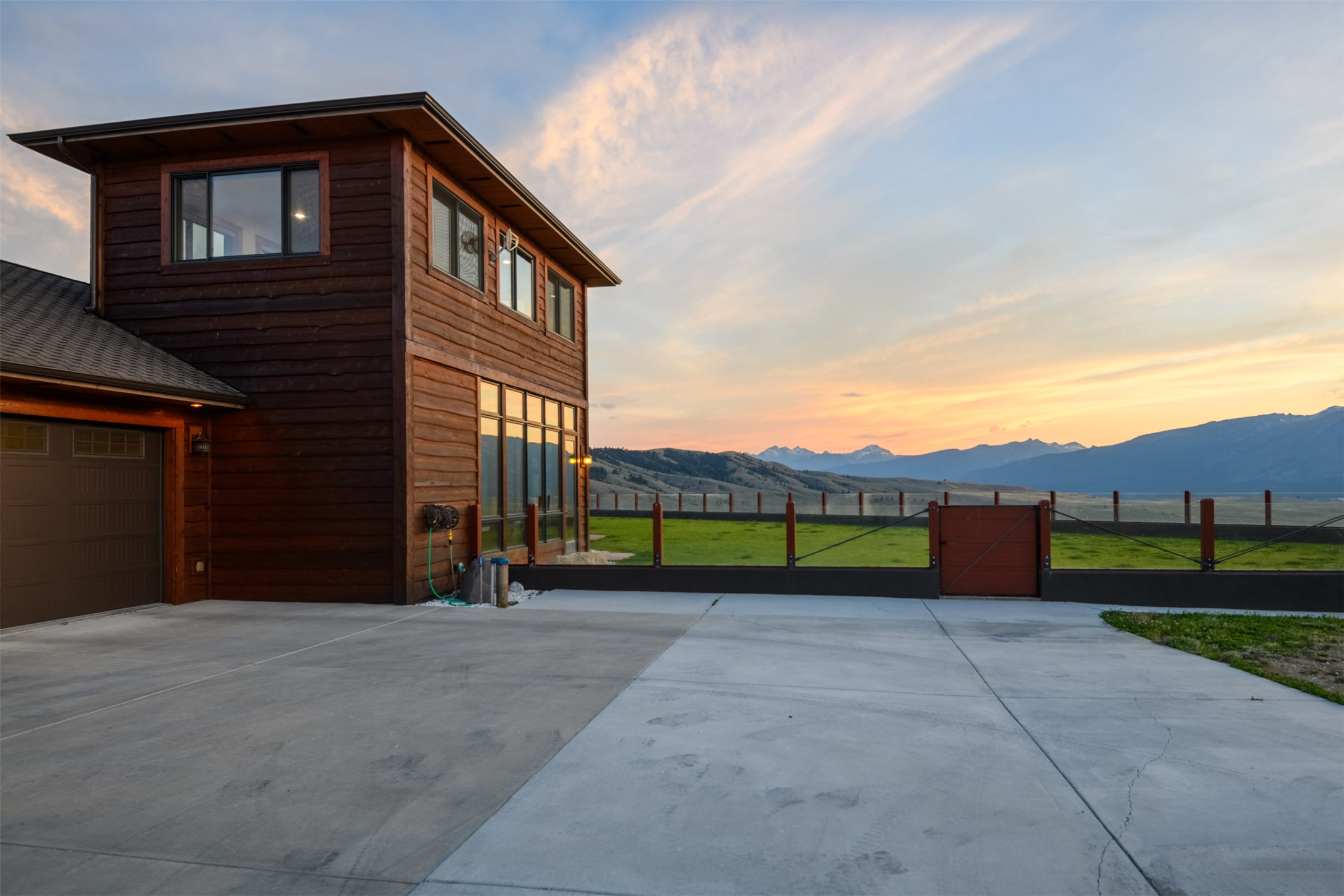 555 Skyfire Drive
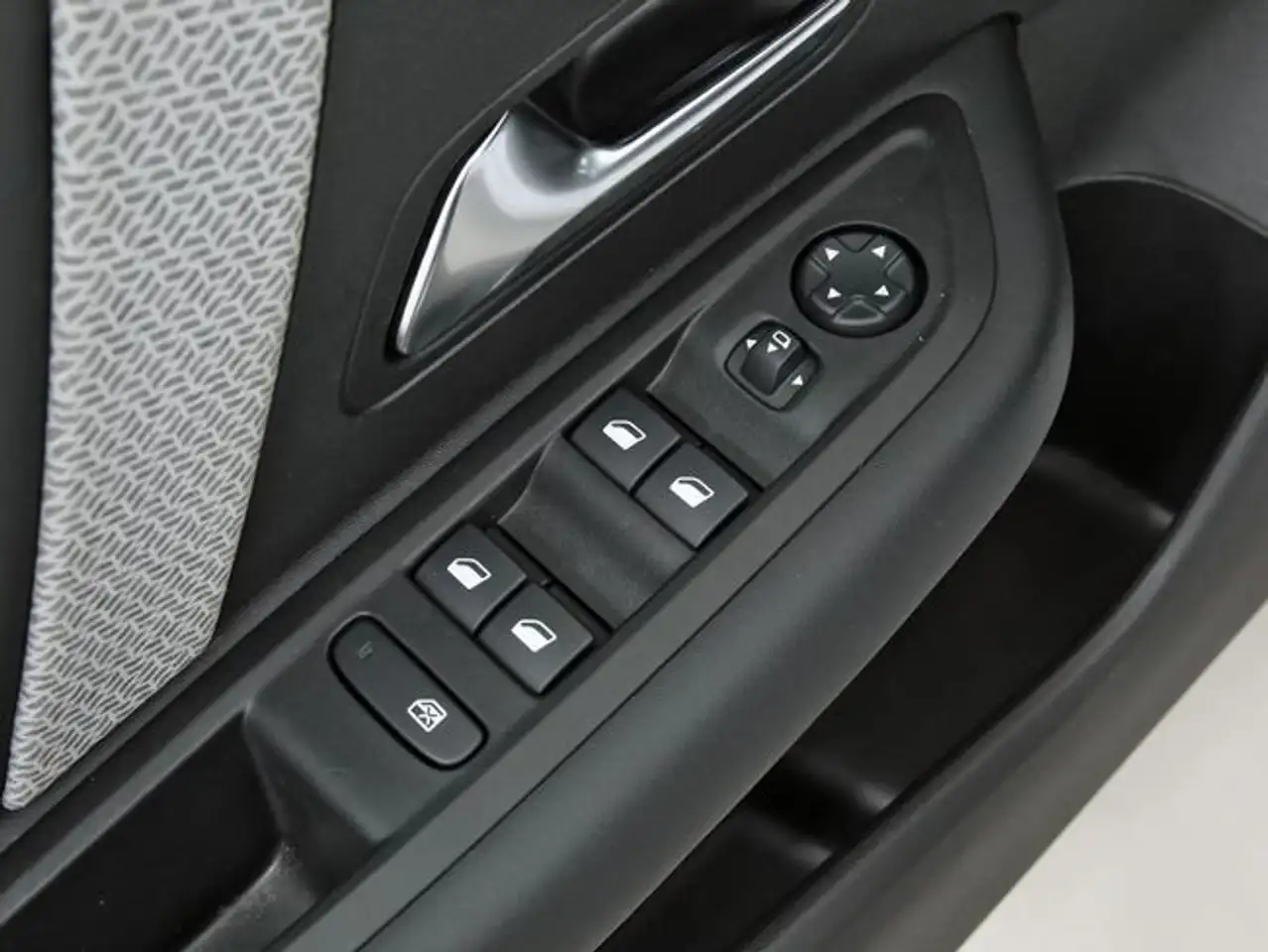Citroen C4 1.2 PureTech Plus S&S 130 — Galerie du véhicule 13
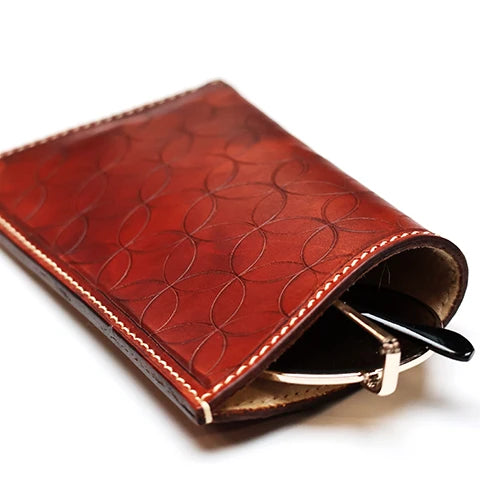 étui à lunettes en cuir avec repoussage tutoriel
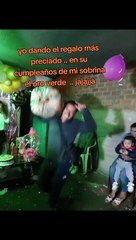 Hombre regala un saco de limones por cumpleaños de su sobrina: "El verdadero oro verde"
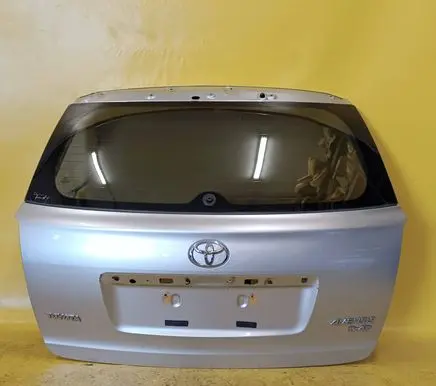 Toyota Avensis T250 Tailgate/trunk/boot lid 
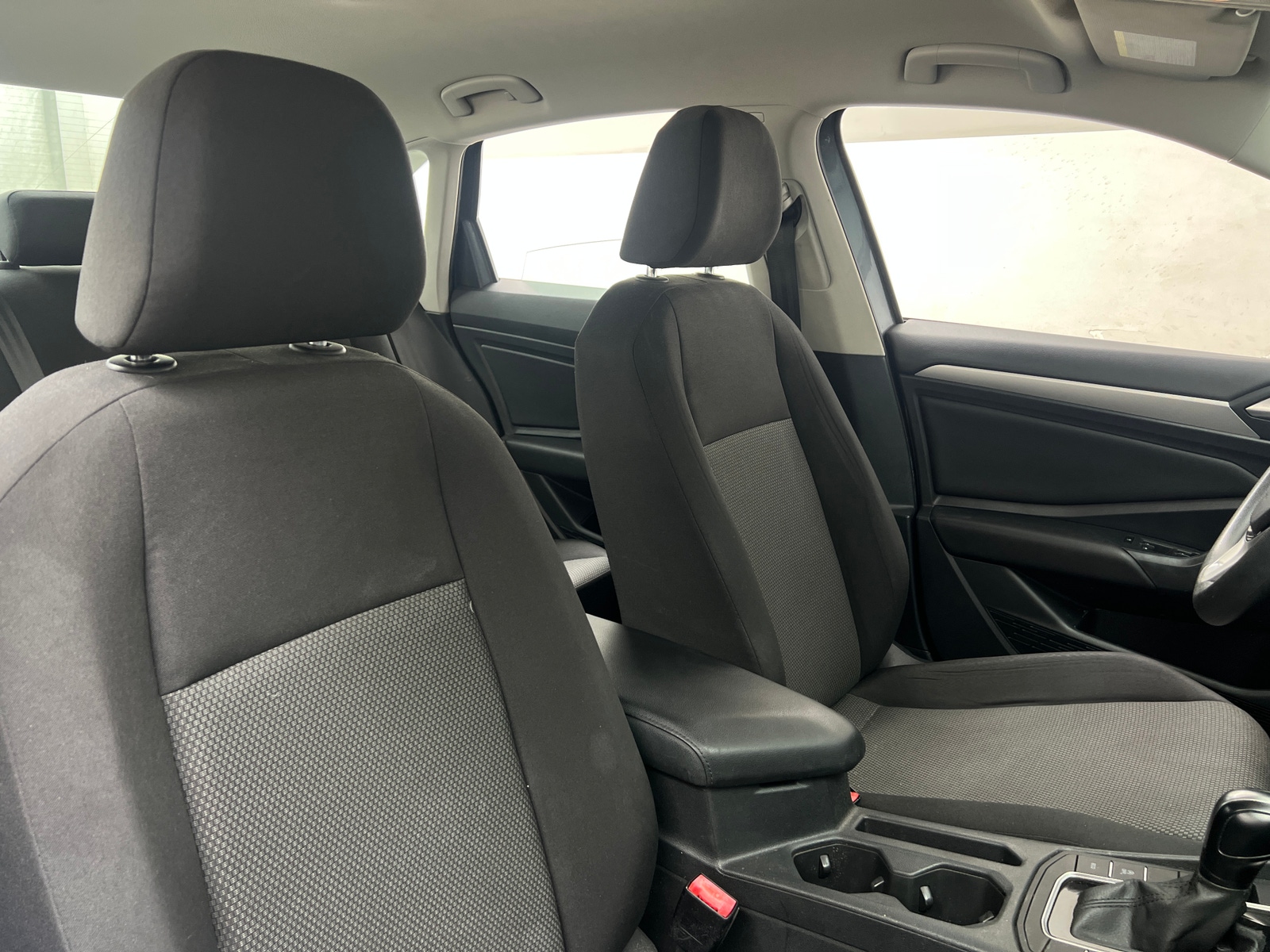 Thumbnail: 2019 Volkswagen Jetta - 2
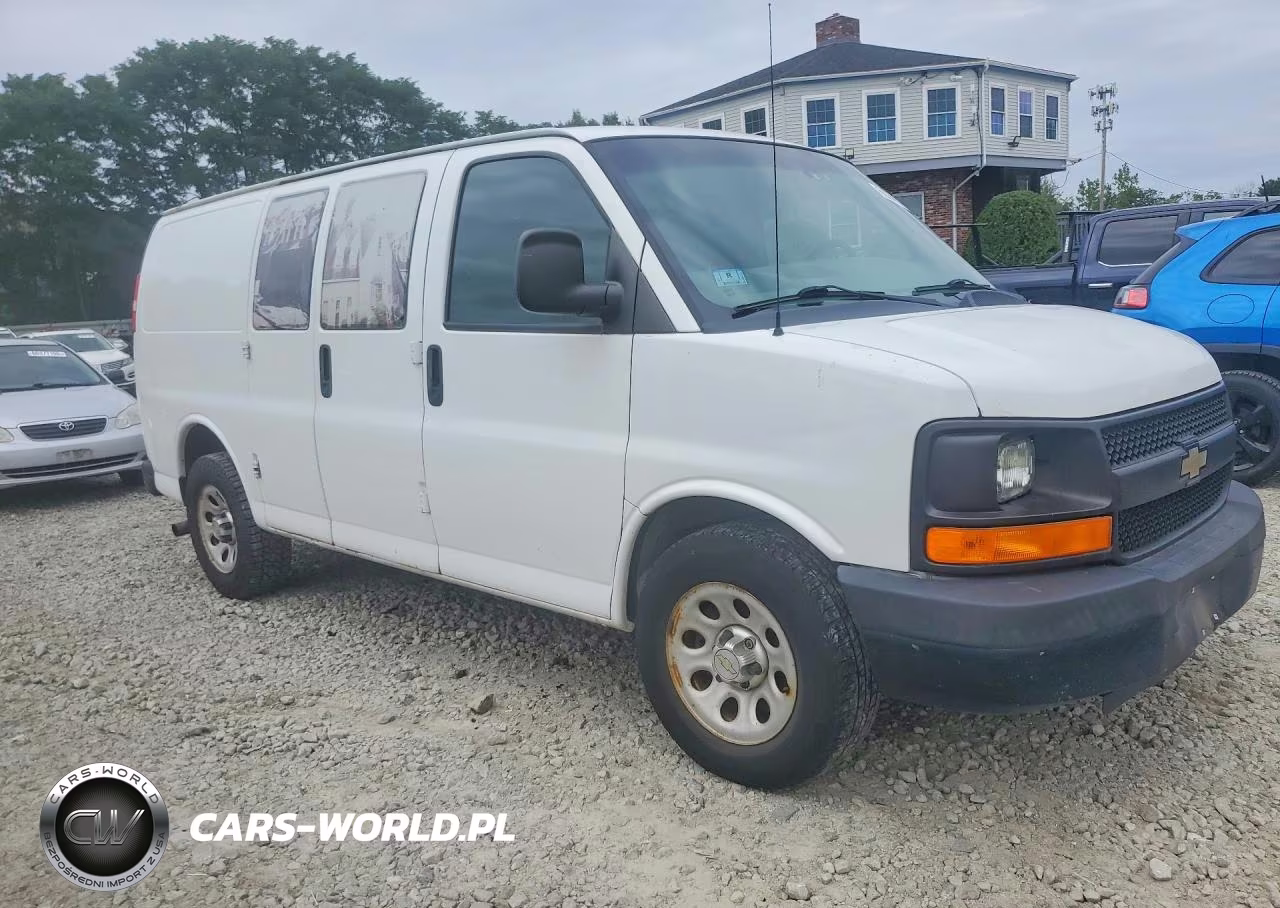 2014 Chevrolet Express G1500 VIN:1GCSGAFX5E1129657 - 4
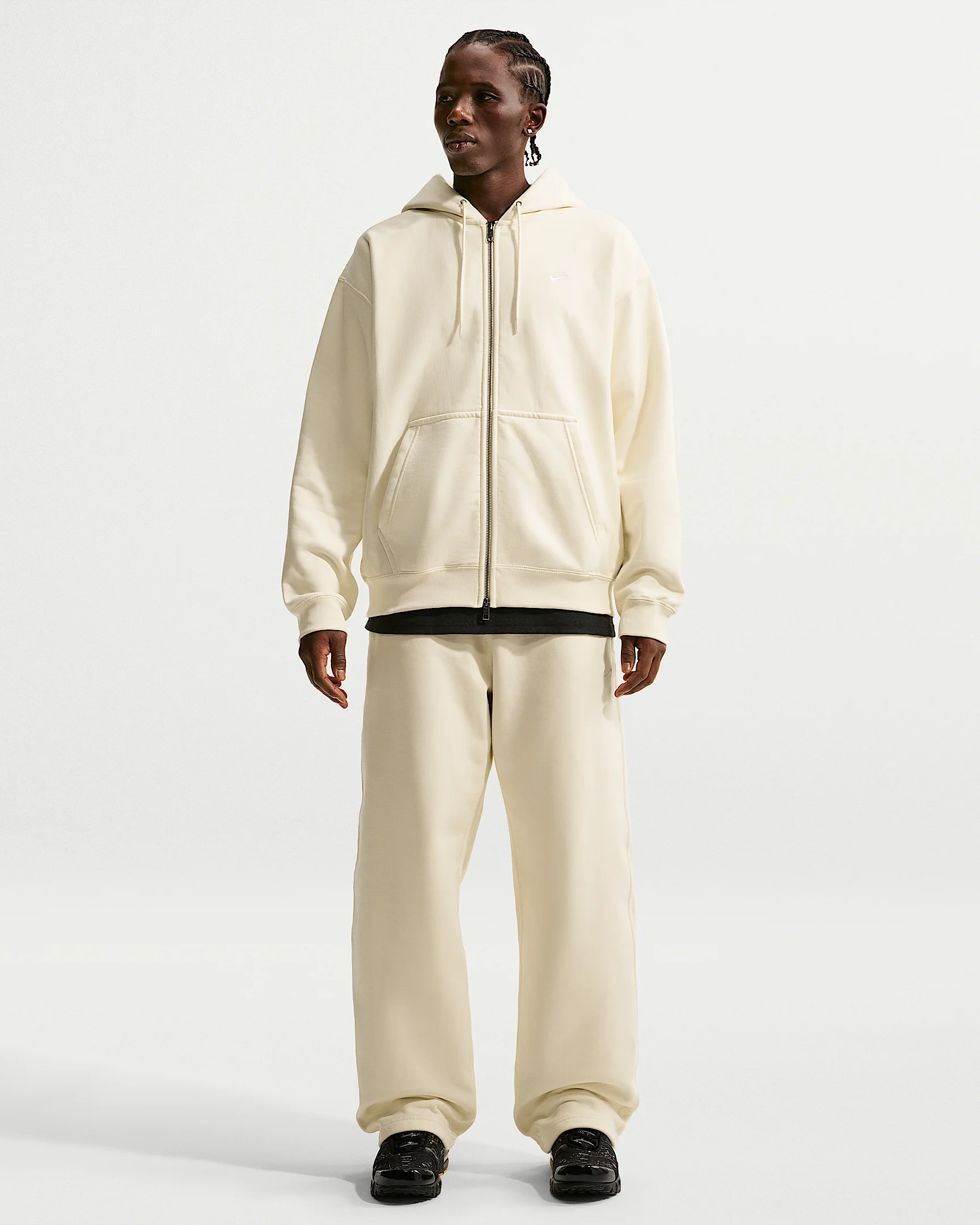 Nike Solo Swoosh Men's Fleece Open-Hem Pants - 1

******************************

* Try it
In the listing above, retype exactly, and only, the lines from the one containing "Thumbnail: 2019 Volkswagen Jetta - 2" through the last line, both included. Omit the pictures.

* Response
 Thumbnail: 2019 Volkswagen Jetta - 2
 2014 Chevrolet Express G1500 VIN:1GCSGAFX5E1129657 - 4
 Nike Solo Swoosh Men's Fleece Open-Hem Pants - 1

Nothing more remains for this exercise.